Amava quella massa informe e rovente fatta di sabbia: «Per me il vetro è come una caramella, più si succhia e più si sente il dolce».
E dolci sono le sculture di donne dalle forme abbandonate degli anni ’50, morbide e formose, così diverse da quelle affusolate degli anni ’70.
Nelle sue opere c’è l’intera gamma cromatica, dai raffinatissimi vasi ametista che paiono merletti ai vasi bianchi e neri con decori a zig-zag, dai vetri «a cipolla» lilla realizzati con più di novanta sovrapposizioni di vetri opalescenti ai vasi rossi o blu ispirati all’incendio della Fenice del ’96.
E la sua storia, immortale e leggendaria come per tutti i miti, continua.

                    

martedì 2 settembre 2014

Livio Seguso e la magia del vetro

 
«Il vetro è un materiale magico, non ha solo tre dimensioni come il marmo o il legno.
Ha un plusvalore, la quarta dimensione, che chiamerei penetrazione perché nel vetro riesci a entrare, lo sguardo arriva a scrutarne la parte più interna e misteriosa ed è solo la sua trasparenza che ti dà questa possibilità».
Allusioni sensuali?
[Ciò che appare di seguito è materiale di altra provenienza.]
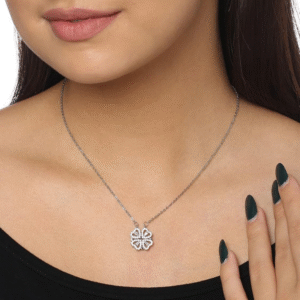 Cute Heart Necklace 4 Heart Magnetic Silver Color Necklace Pendant Heart Toggle Diamond Women/Girls Accessories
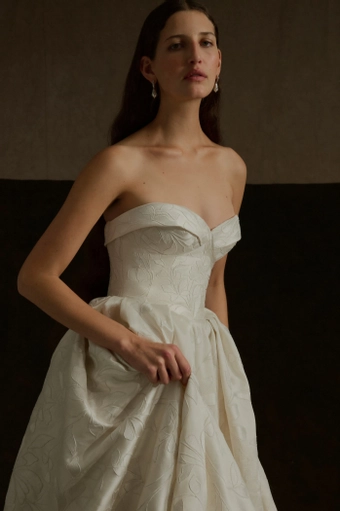 Enaura Carey #2 frontface vertical cropped thumbnail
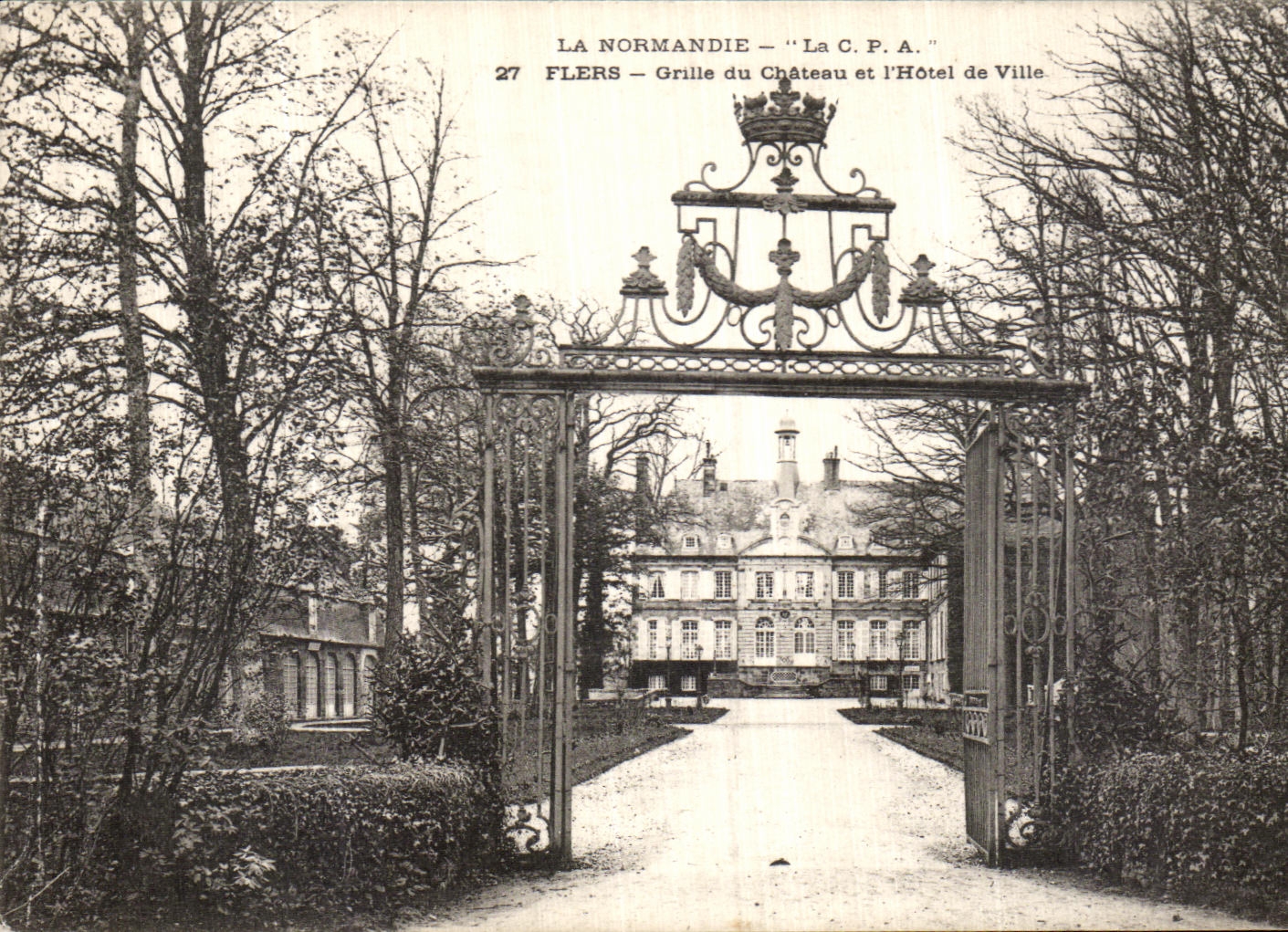 CPA La Normandie La C P A Flers Grille du Chateau et l Hotel de Ville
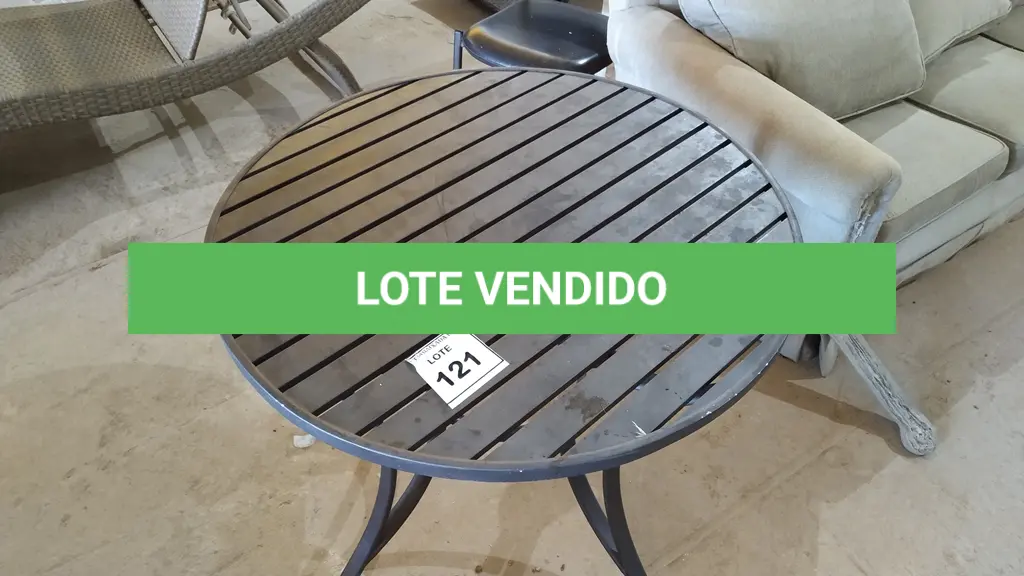 LOTE 121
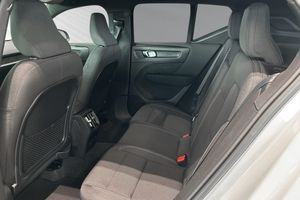Volvo EX40 bild 10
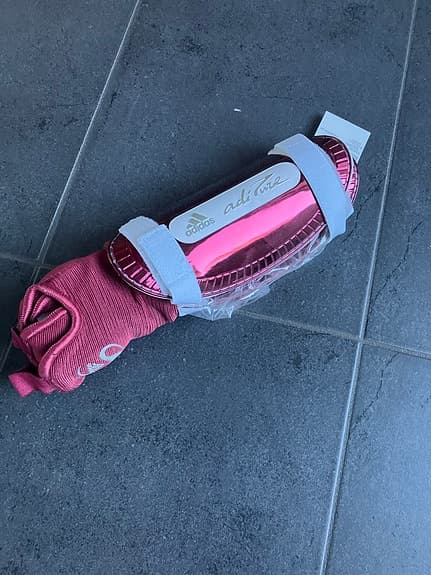 Adidas benskydd med strumpa röd, strl L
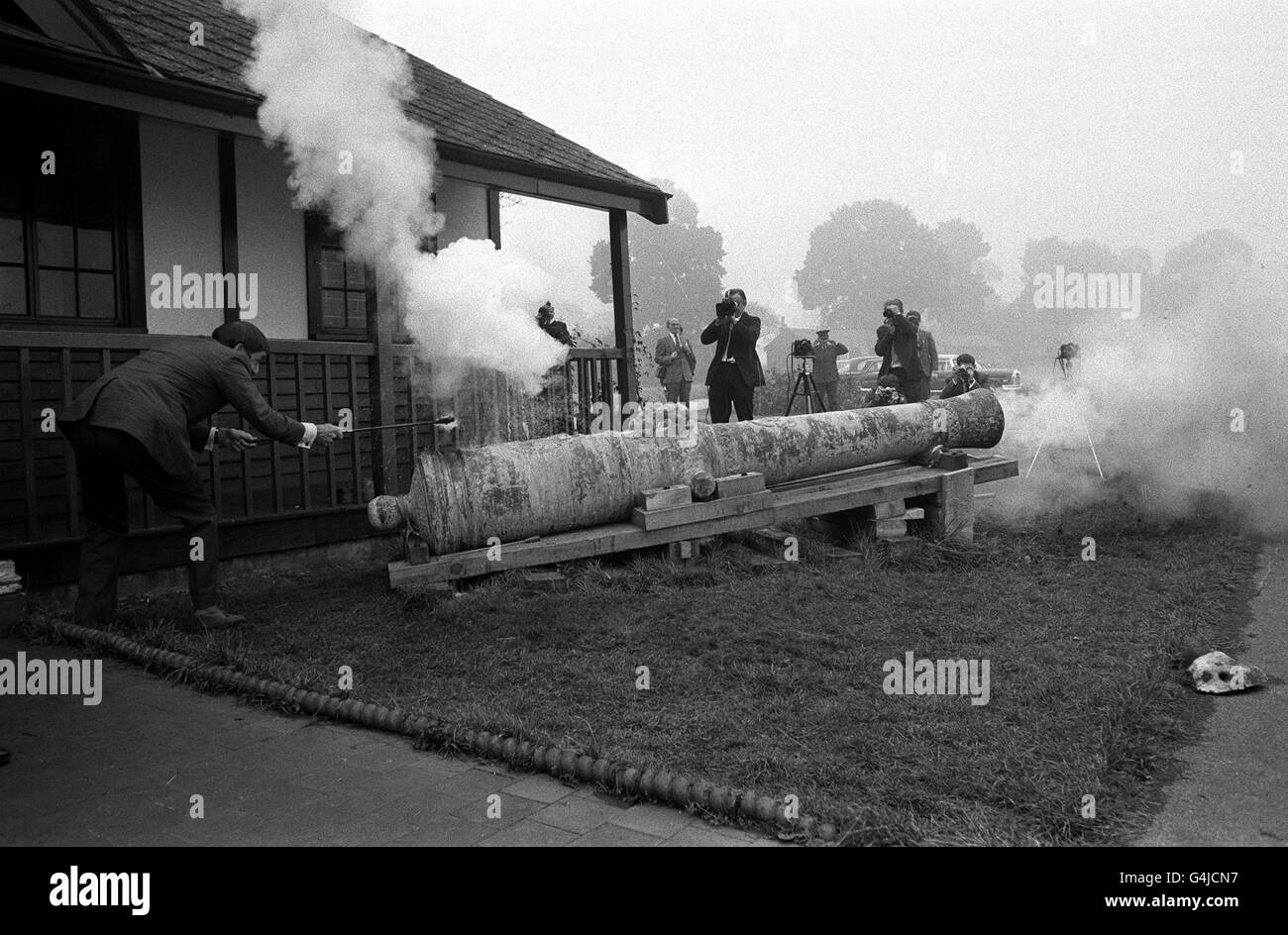 21/10/69: A LIBRARY FILE PICTURE OF THE 'VIGO' CANNON A LATE 17TH CENTURY FRENCH NAVAL PIECE BEING FIRED BY ROLAND MORRIS OF PENZANCE, CORNWALL AT THE SHOOTING SCHOOL OF MAYFAIR GUNMAKERS HOLLAND AND HOLLAND AT NORTHWOOD, MIDDLESEX Stock Photo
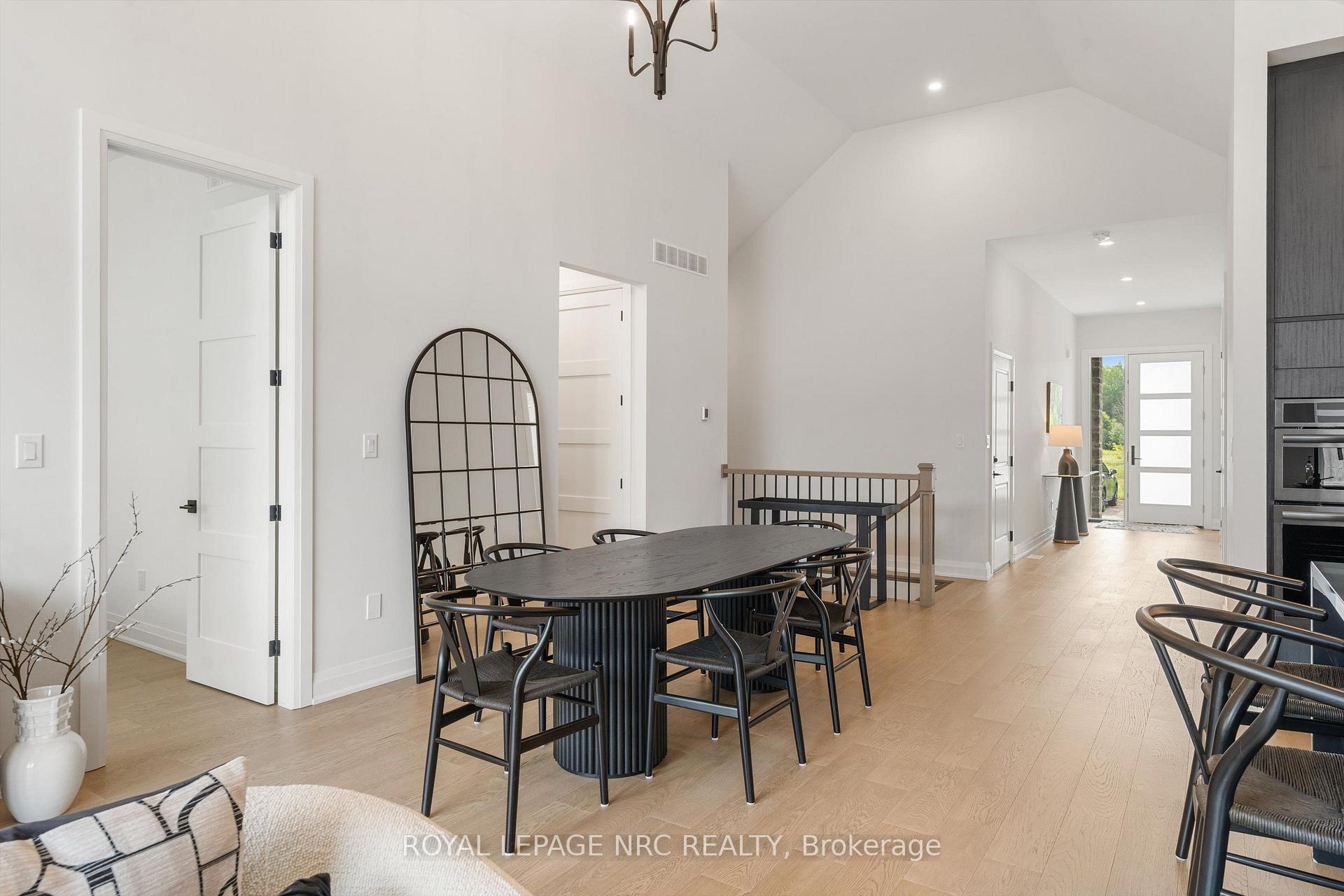 Photo 11 of 11 Primrose Street, Pelham, Fonthill — HOMEH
Peut-être.
Ma l’intimità raggiunta da Livio Seguso, scultore muranese classe 1930, con quella magica alchimia di sabbia e fuoco chiamata vetro è assoluta.
Ne conosce ogni segreto, ogni bizzarria, ogni sfumatura, ne intuisce le forme possibili o impossibili per le logiche regole fisiche e di gravità, ne carpisce i guizzi più profondi imprigionandone la luce secondo i suoi progetti geometrici.
Seguso «pensa in vetro» già dalla idea primigenia, da quel lampo che dalla sua mente diventerà una scultura, sapendo in anticipo come si evolverà la massa incandescente, quali saranno le vie da seguire.
Un approccio all’arte del vetro da artifex dal sapore rinascimentale, senza mediazioni di mani esterne.
In lui il pensiero diventa movimento del corpo e delle mani, indurite e levigate dal caldo dei ferri di fornace ma incredibilmente capaci di sensibilità infinitesimali nel plasmare per poi concludere lisciando e lucidando vetro, marmo, granito e legno sì da renderli morbidi, a dispetto della loro intrinseca durezza.
E questa capacità di 'mestiere' è stata la base della sua ricerca artistica, iniziata come tutti con il figurativo per poi giungere alla consapevolezza di una identità personale ed originale.
E’ con la luce che Seguso costruisce le sue sculture per giungere all’assoluta purezza formale, come nelle opere degli anni ’80, «col grande gioco dello spazio e della luce - scriveva Pierre Restany - con l’uso della trasparenza del vetro come pratica quasi ironica di un gioco ottico senza fine».
Ecco allora Vortice, Infinito, Spazio ideale: sfere e dischi in cristallo trasparente nati per acchiappare la luce in tutte le sue forme e rigenerarla, diversa ogni attimo, in una sorta di caleidoscopio virtuale.
Alla fine di quel decennio per Seguso arriva la svolta.
Il suo percorso, dall’origine alla forma, viene sottolineato da una parte dall’uso di marmi, di graniti e di pietre che diventano involucro della sfera di cristallo e dall’altra la precisione del vetro in diverse densità luminose.
Le pietre e il cristallo formano entità strutturali diverse e nascono le connessioni ideali, con una contrapposizione controllata del marmo bianco e del vetro bluastro, o le compenetrazioni, una serie di invenzioni complesse, dalla perfezione formale assoluta.
Ma la ricerca di Seguso continua.
L’ultima sua scoperta è il legno, con le sue vene lasciate volutamente in vista seppure controllate da una rigorosa geometria.
Ma il legno convive, ancora una volta, con il vetro, «materiale - afferma - che sembra nascere dal mare per vivere nell’aria, che affascina e accende la fantasia».